The Form of Proxy must be signed and dated by the shareholder or by his or her attorney in writing, or, if the shareholder is a corporation, it must either be under its common seal or signed by a duly authorized officer. Persons signing as executors, administrators, trustees or in any other representative capacity should so indicate and give their full title as such. If a shareholder does not deliver a Form of Proxy to the Corporation’s transfer agent by the close of business on Friday, September 23, 2016 (or before 48 hours, excluding Saturdays, Sundays and holidays before any adjournment of the Meeting at which the proxy is to be used) then the shareholder will not be entitled to vote at the Meeting by proxy.

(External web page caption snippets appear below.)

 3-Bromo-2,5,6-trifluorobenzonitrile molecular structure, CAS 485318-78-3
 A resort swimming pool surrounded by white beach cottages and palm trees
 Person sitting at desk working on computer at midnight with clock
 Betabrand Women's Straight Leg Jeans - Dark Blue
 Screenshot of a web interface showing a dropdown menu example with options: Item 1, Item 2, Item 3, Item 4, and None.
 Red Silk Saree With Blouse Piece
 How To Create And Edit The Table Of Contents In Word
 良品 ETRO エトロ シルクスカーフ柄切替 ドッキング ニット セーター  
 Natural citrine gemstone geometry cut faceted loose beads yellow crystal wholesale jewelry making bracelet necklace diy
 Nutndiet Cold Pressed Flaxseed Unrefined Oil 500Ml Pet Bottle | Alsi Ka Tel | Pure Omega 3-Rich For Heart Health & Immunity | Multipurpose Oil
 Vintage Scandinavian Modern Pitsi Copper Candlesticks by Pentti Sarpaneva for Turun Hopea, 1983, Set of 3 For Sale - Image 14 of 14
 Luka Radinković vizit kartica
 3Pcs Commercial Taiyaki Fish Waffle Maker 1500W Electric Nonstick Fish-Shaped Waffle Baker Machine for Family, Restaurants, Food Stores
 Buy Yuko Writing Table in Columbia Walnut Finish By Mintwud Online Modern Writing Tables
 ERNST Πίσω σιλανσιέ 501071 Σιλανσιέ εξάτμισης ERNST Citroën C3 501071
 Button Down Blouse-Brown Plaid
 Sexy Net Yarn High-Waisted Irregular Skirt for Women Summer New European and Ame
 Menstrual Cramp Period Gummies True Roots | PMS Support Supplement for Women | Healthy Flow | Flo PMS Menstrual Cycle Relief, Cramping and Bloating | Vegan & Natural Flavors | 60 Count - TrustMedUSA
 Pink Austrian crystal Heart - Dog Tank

EXERCISE OF DISCRETION BY PROXY
A shareholder forwarding the enclosed Form of Proxy may indicate the manner in which the appointee is to vote with respect to any specific item by checking the appropriate space. The persons named in the enclosed Form of Proxy will vote the shares in respect of which they are appointed in accordance with the directions, if any, of the shareholders appointing them.In the absence of such directions, such shares will be voted in favour of the motions proposed to be made at the Meeting as stated under the headings in this Circular. The enclosed Form of Proxy confers discretionary authority upon the persons named therein with respect to any amendment or variation to matters identified in the Notice of Meeting and to any other matter which may properly come before the Meeting.At the time of printing this Circular, management of the Corporation knows of no such amendments, variations or other matters to come before the Meeting. However, in either case, the persons named in the Form of Proxy will vote according to their best judgment.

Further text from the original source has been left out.